**Required work:**
Copy each line below as it stands, but skip any picture it contains.

**Supplied information:**
==================================================
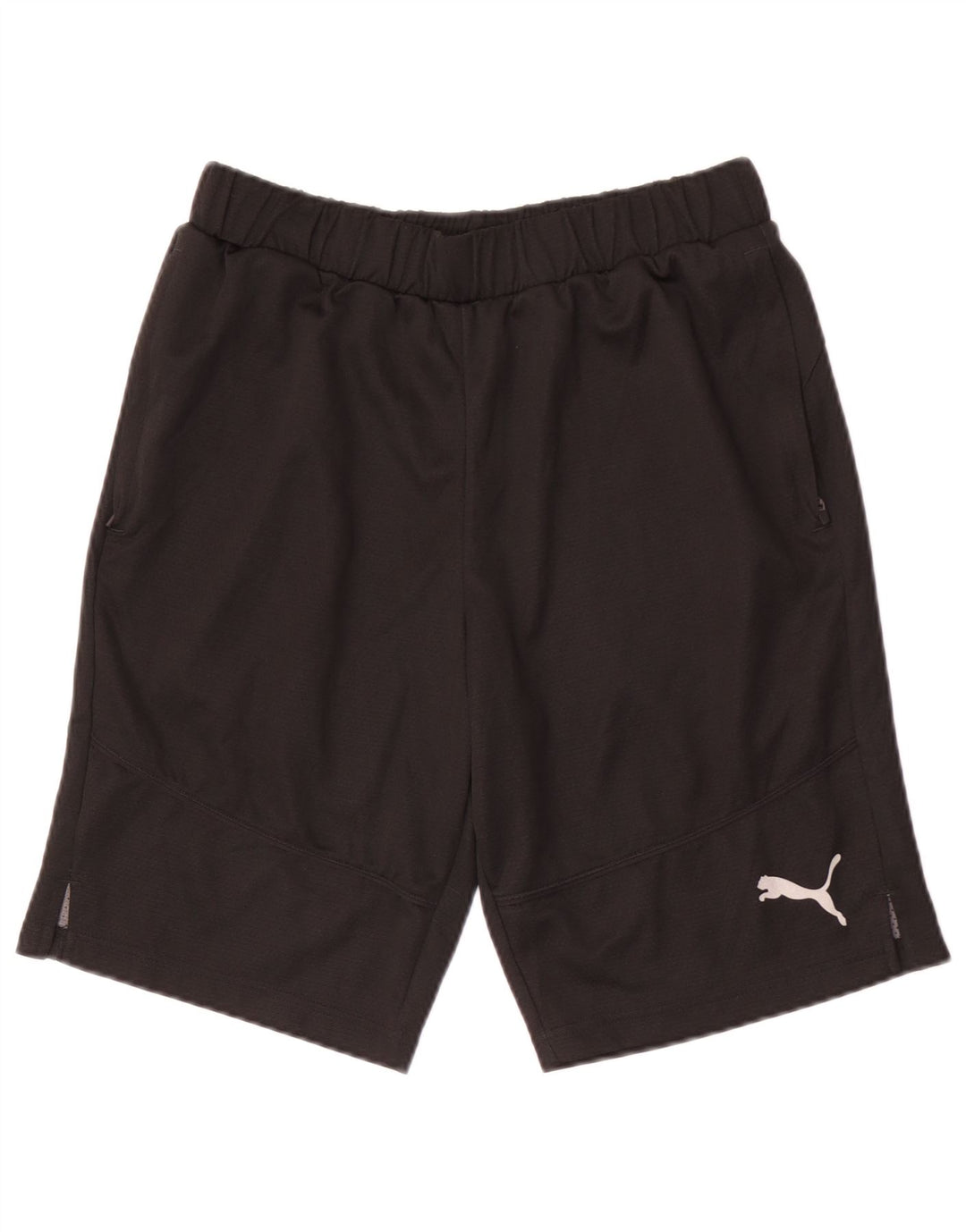 Pantalones cortos deportivos Puma para hombre poliéster negro mediano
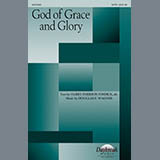 Download or print Douglas E. Wagner God Of Grace And God Of Glory Sheet Music Printable PDF 7-page score for Sacred / arranged SATB Choir SKU: 296832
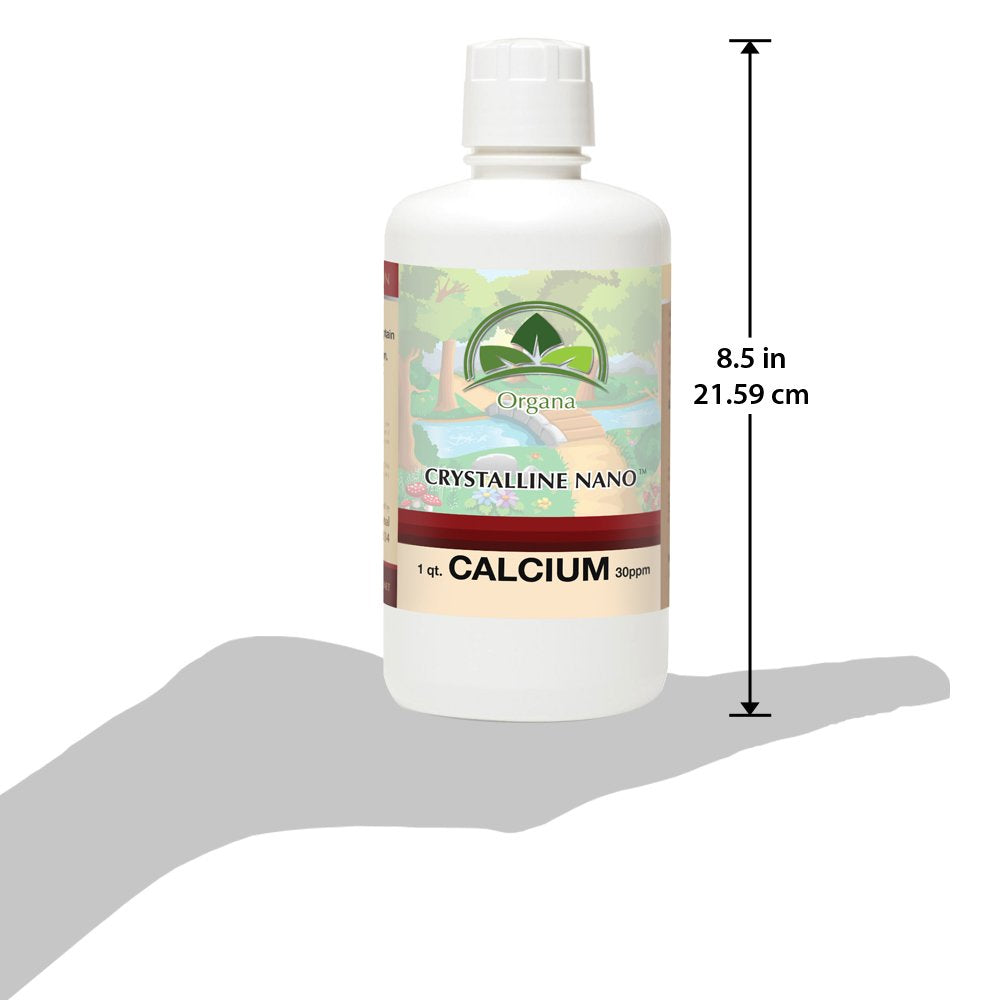 Liquid calcium in a glass hints at smooth texture and effortless mixing.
==================================================
**Answer to the exercise:**
 Pantalones cortos deportivos Puma para hombre poliéster negro mediano
 Download or print Douglas E. Wagner God Of Grace And God Of Glory Sheet Music Printable PDF 7-page score for Sacred / arranged SATB Choir SKU: 296832
 Liquid calcium in a glass hints at smooth texture and effortless mixing.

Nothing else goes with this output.